*** Block opens ***

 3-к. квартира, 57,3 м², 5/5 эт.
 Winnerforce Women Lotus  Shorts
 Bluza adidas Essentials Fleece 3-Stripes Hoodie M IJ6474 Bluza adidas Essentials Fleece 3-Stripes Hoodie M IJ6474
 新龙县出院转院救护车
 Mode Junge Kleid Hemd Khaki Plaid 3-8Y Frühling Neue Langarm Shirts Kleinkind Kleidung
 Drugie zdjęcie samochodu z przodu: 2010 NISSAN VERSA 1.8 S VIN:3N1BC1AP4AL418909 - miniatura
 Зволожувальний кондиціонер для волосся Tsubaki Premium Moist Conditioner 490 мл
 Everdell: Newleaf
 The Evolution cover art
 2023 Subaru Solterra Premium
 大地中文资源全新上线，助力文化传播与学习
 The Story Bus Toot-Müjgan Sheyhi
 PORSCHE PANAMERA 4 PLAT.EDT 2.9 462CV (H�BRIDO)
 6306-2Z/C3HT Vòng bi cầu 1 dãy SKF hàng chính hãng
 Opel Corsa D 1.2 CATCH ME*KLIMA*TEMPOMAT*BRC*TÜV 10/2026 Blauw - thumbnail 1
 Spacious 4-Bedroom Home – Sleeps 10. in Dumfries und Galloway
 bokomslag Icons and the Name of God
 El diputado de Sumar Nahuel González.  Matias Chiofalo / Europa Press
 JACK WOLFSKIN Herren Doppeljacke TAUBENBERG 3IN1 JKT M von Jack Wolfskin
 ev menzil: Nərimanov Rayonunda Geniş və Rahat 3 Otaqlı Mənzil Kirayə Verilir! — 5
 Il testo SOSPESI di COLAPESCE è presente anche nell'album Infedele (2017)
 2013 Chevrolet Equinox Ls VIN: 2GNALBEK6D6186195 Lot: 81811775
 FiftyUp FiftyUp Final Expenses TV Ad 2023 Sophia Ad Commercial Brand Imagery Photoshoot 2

*** Block closes ***

WHAT IS NEEDED> Please repeat the material above, word for word and in full.

YOUR RESPONSE>
 3-к. квартира, 57,3 м², 5/5 эт.
 Winnerforce Women Lotus  Shorts
 Bluza adidas Essentials Fleece 3-Stripes Hoodie M IJ6474 Bluza adidas Essentials Fleece 3-Stripes Hoodie M IJ6474
 新龙县出院转院救护车
 Mode Junge Kleid Hemd Khaki Plaid 3-8Y Frühling Neue Langarm Shirts Kleinkind Kleidung
 Drugie zdjęcie samochodu z przodu: 2010 NISSAN VERSA 1.8 S VIN:3N1BC1AP4AL418909 - miniatura
 Зволожувальний кондиціонер для волосся Tsubaki Premium Moist Conditioner 490 мл
 Everdell: Newleaf
 The Evolution cover art
 2023 Subaru Solterra Premium
 大地中文资源全新上线，助力文化传播与学习
 The Story Bus Toot-Müjgan Sheyhi
 PORSCHE PANAMERA 4 PLAT.EDT 2.9 462CV (H�BRIDO)
 6306-2Z/C3HT Vòng bi cầu 1 dãy SKF hàng chính hãng
 Opel Corsa D 1.2 CATCH ME*KLIMA*TEMPOMAT*BRC*TÜV 10/2026 Blauw - thumbnail 1
 Spacious 4-Bedroom Home – Sleeps 10. in Dumfries und Galloway
 bokomslag Icons and the Name of God
 El diputado de Sumar Nahuel González.  Matias Chiofalo / Europa Press
 JACK WOLFSKIN Herren Doppeljacke TAUBENBERG 3IN1 JKT M von Jack Wolfskin
 ev menzil: Nərimanov Rayonunda Geniş və Rahat 3 Otaqlı Mənzil Kirayə Verilir! — 5
 Il testo SOSPESI di COLAPESCE è presente anche nell'album Infedele (2017)
 2013 Chevrolet Equinox Ls VIN: 2GNALBEK6D6186195 Lot: 81811775
 FiftyUp FiftyUp Final Expenses TV Ad 2023 Sophia Ad Commercial Brand Imagery Photoshoot 2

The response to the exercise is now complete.